**Material for this exercise**
....................
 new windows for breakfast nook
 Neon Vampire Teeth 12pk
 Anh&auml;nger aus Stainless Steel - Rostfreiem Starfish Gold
....................
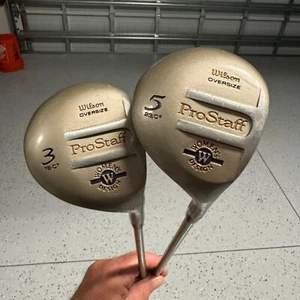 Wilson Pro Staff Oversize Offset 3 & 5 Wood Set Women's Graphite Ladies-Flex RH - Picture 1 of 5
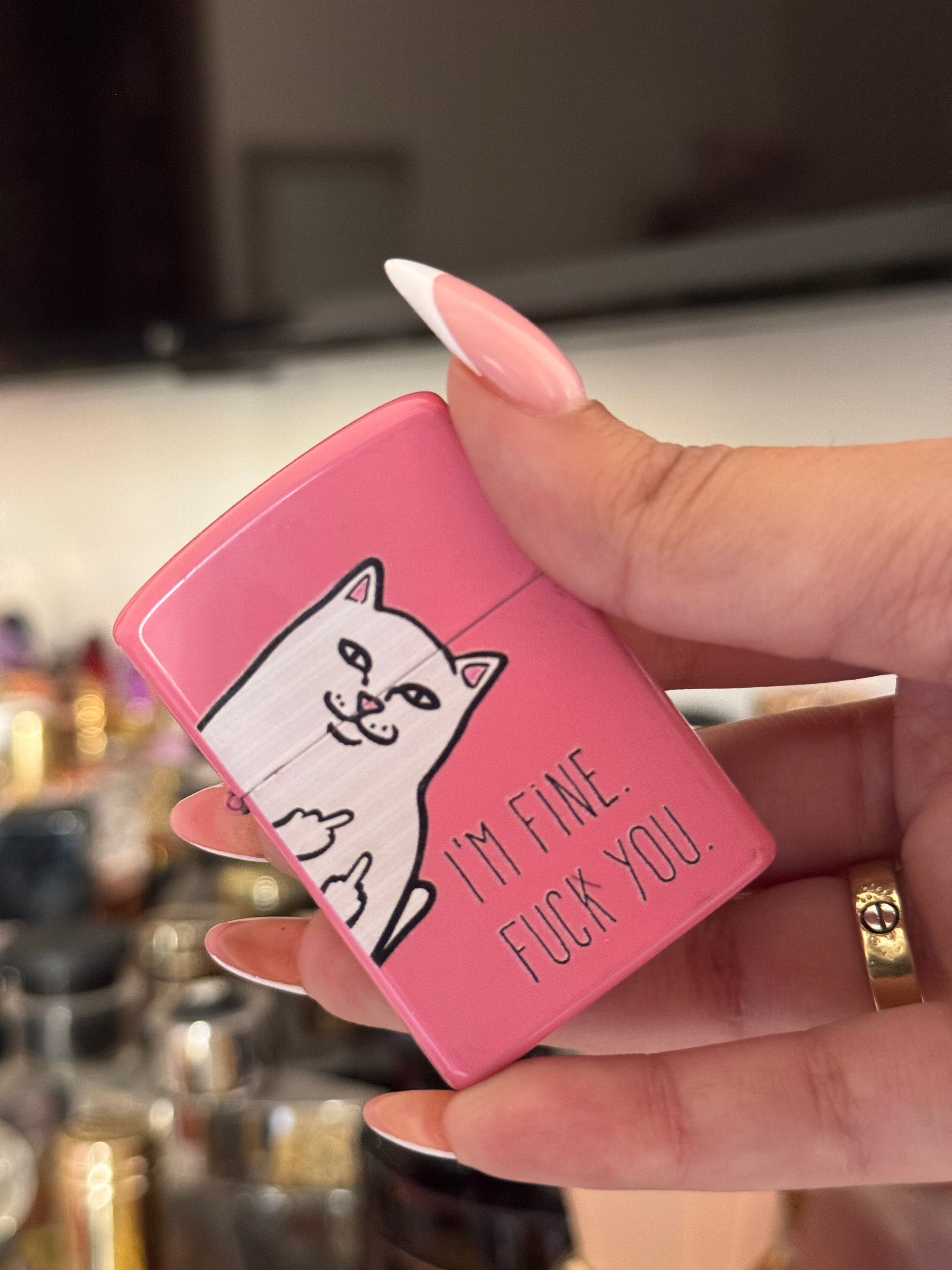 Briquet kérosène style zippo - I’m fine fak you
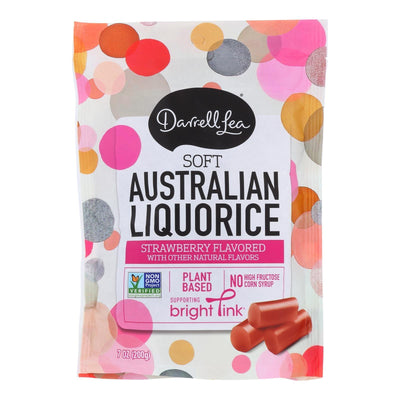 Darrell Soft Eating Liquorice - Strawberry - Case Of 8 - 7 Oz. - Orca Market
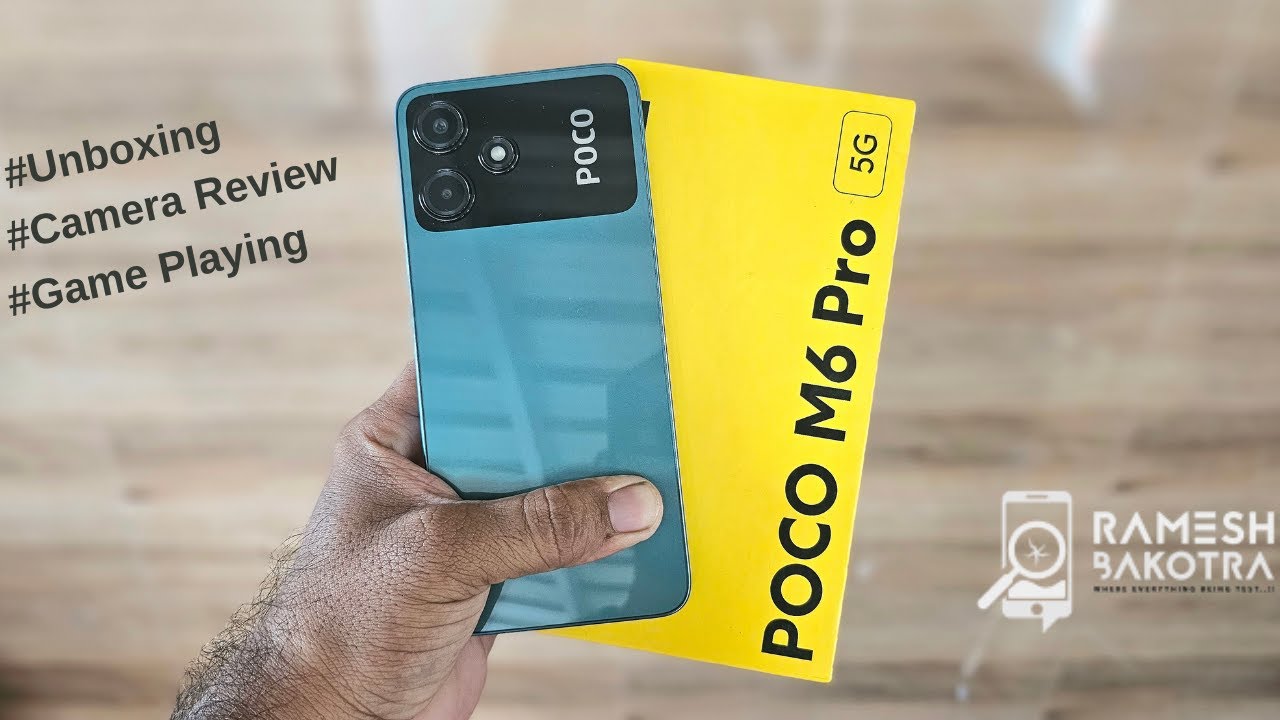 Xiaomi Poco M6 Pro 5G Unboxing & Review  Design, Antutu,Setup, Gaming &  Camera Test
....................
**Activity**
The required answer is the exact run of lines above starting at the line with "Neon Vampire Teeth 12pk" and ending at the line with "Anh&auml;nger aus Stainless", with both ends present.

**Problem solution**
 Neon Vampire Teeth 12pk
 Anh&auml;nger aus Stainless Steel - Rostfreiem Starfish Gold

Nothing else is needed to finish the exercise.